TASK ITEM:
Produce the records below again, word for word, but stop after the line that contains "Мъжко яке Rab Glaceon Pro Down Jacket".

EXERCISE MATERIALS:
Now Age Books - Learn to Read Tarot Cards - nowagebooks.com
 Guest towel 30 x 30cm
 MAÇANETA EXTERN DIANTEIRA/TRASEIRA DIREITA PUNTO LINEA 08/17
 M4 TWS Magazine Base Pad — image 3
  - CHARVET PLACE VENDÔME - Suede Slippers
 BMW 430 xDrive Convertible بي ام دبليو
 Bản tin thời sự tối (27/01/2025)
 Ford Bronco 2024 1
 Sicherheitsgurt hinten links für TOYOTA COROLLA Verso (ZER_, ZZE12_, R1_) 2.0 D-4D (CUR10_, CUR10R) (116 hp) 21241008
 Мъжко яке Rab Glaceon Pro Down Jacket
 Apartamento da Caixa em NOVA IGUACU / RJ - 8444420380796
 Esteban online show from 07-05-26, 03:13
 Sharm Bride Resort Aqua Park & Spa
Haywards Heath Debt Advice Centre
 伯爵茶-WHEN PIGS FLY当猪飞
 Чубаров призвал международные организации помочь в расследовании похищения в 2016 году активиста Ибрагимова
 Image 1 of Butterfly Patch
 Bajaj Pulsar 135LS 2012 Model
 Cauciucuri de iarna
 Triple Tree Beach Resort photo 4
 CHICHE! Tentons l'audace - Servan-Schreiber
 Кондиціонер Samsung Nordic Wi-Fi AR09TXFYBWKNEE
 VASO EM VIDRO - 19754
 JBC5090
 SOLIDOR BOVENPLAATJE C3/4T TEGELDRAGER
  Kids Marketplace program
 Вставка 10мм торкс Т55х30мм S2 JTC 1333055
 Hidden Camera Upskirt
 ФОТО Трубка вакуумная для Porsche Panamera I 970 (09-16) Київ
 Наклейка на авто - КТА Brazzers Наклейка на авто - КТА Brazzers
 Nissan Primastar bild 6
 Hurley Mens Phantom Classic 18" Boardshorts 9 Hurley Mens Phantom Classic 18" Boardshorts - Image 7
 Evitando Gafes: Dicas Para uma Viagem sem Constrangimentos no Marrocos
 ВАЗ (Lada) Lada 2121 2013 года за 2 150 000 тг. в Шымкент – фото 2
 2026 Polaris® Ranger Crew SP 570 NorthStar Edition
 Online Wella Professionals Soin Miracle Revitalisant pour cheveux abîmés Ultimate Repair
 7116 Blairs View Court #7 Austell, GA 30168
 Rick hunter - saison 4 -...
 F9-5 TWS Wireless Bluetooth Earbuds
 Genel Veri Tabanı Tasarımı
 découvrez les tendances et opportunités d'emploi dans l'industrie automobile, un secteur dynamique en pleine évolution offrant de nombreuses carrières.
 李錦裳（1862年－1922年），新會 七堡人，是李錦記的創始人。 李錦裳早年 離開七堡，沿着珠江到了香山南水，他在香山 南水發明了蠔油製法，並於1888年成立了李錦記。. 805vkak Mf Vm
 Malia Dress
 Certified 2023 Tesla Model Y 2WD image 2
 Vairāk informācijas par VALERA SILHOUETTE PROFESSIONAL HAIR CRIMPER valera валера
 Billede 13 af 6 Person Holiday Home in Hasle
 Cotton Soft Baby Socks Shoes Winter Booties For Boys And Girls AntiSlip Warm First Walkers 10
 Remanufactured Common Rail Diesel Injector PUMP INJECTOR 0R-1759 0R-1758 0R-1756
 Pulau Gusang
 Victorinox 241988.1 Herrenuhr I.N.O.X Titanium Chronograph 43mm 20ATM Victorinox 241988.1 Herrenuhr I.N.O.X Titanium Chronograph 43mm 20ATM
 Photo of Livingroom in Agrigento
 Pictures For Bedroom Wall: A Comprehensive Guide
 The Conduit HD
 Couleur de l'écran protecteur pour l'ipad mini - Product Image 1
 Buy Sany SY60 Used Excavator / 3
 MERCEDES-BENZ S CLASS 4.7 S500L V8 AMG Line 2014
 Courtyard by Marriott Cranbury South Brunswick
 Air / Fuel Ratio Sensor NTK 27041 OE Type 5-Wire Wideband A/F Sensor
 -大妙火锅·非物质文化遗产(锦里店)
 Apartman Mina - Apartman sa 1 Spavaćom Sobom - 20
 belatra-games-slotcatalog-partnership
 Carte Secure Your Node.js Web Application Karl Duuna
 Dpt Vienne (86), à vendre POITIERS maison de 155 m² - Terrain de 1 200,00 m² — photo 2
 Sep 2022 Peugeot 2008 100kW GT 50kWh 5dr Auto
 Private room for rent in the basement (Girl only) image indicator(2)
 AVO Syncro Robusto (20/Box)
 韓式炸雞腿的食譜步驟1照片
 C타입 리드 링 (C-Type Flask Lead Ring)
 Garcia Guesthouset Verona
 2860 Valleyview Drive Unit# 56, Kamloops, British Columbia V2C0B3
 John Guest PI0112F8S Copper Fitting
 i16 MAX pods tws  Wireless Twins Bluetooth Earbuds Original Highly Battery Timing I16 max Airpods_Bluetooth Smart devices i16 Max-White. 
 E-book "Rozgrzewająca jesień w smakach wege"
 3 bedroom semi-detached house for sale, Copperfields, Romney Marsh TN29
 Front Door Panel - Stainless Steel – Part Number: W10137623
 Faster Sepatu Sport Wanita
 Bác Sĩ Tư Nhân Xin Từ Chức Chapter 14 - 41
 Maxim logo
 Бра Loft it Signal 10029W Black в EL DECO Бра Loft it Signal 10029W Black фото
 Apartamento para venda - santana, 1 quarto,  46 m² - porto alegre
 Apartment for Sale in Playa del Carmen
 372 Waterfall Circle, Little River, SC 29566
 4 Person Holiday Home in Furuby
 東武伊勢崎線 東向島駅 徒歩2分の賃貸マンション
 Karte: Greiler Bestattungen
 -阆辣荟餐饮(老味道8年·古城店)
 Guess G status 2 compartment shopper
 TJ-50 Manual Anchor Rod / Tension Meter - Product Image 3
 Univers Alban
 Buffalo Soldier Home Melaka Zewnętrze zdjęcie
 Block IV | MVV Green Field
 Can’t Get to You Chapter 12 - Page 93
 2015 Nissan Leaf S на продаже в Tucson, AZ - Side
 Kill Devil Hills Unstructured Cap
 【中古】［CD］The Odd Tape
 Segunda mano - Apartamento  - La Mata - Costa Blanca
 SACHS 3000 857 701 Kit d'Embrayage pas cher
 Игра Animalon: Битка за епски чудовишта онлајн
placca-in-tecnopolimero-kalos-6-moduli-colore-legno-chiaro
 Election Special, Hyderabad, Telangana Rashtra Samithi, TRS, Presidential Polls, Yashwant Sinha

RESPONSE TO THIS TASK:
Now Age Books - Learn to Read Tarot Cards - nowagebooks.com
 Guest towel 30 x 30cm
 MAÇANETA EXTERN DIANTEIRA/TRASEIRA DIREITA PUNTO LINEA 08/17
 M4 TWS Magazine Base Pad — image 3
  - CHARVET PLACE VENDÔME - Suede Slippers
 BMW 430 xDrive Convertible بي ام دبليو
 Bản tin thời sự tối (27/01/2025)
 Ford Bronco 2024 1
 Sicherheitsgurt hinten links für TOYOTA COROLLA Verso (ZER_, ZZE12_, R1_) 2.0 D-4D (CUR10_, CUR10R) (116 hp) 21241008
 Мъжко яке Rab Glaceon Pro Down Jacket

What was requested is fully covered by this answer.